When Hey Nineteen comes over pharmacy ceiling speakers, as people waiting for insulin meds and flu-jabs tap their feet and develop a light hip-sway, I want to gouge out my eyes and hot wax my ears. Cuervo Gold has never been my go-to tequila, but maybe in 1980 it was the best you could get. And I’ve never known a nineteen-year-old girl for whom Cuervo was an aspirational drink. Maybe I’ve circled down the wrong drains, though…
So don’t get me wrong. I’m a sucker for enigmatic darkness. “Reelin’ In The Years,” “Barrytown” and “My Old School” evoke an innocence that belies their subjects, and those tracks soar on inventive guitar and keyboard lines and engaged storytelling.
My Line6 POD-XT amp/effect unit has a “ReelinInTheYears” factory preset that marries emulations of a Mesa Boogie Mark IIc+ with MXR Phase 90 and MXR Dynacomp pedals. Every once in a while I dial it up while playing and slip in and out of a few measures of 70s AOR sweetness.
I’m also a sucker for congenial memories.

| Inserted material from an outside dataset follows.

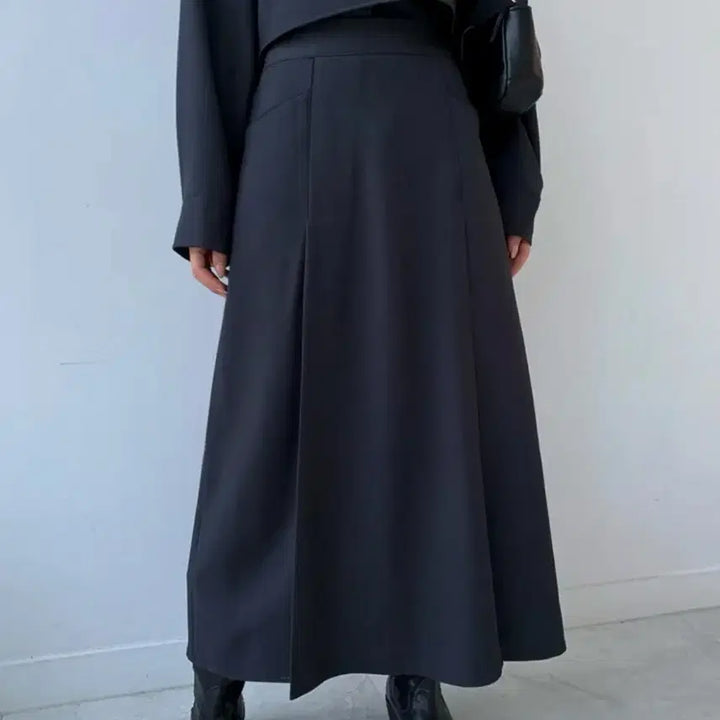 [BUNJANG] Unbranded Charcoal Long Skirt / !새상품! 뒷밴딩 롱스커트(하객룩) (차콜, F)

In the late 70s, when I was about 7 or 8, Steely Dan floated around all my social-musical circles. In the end, I can’t separate memories of camp counselors shout-singing “My Old School” and “Do It Again” out their sunroofs from the songs themselves. Such is the power of “classic” rock over me. Dislike cannot compute.
Favorite Album:
“Countdown To Ecstasy” (1973)
Overlooked record contains my fav track, “My Old School.”
Least Favorite Album:
“Everything Must Go” (2003).
Stripped of big-70s production values, the band loses all its charm, which sounds counterintuitive, but sometimes big and bombastic really is better for the soul.
Seen Them Live? Got Any Merch?
No. Yes. Circa 2000 A.D., the fine folks at the now-defunct Image Entertainment gifted me a live DVD called “Two Against Nature: Steely Dan’s Plush TV Jazz-Rock Party In Sensuous Surround Sound.” The track “Cousin Dupree” is even skeezier live, but the version of “Peg” towards the end of the show really showcases Becker’s phased-clean phrasing. My well-worn, dog-eared, marked to the margins copy of Naked Lunch can count as merch, too.
EPILOGUE:
My old-friend Mark Penz, (from one of My Old Schools(!)), an audio engineer whose astute listening talent I always admired, offered a wonderful comment on the Facebook post:
MARK PENZ: Damn – great analysis of pros and cons of SD. Particularly appreciate the ‘Barrytown’ reference, though ‘East St. Louis Toodle-Ooo‘ reweaves the jazz classic beautifully. Solo career for Fagan produced a diamond (Nightfly – the classic A/V album test material around the planet) with ‘New Frontier‘ doing cowbell before cowbell was cowbell. ‘Tomorrow’s Girls‘ off of Kamakiriad was an excellent tune. Becker’s solo album ‘11 Tracks of Whack‘ is pretty disapponting, but yielded some good bassline in ‘Down in the Bottom.’
But I ain’t never going back to my old school.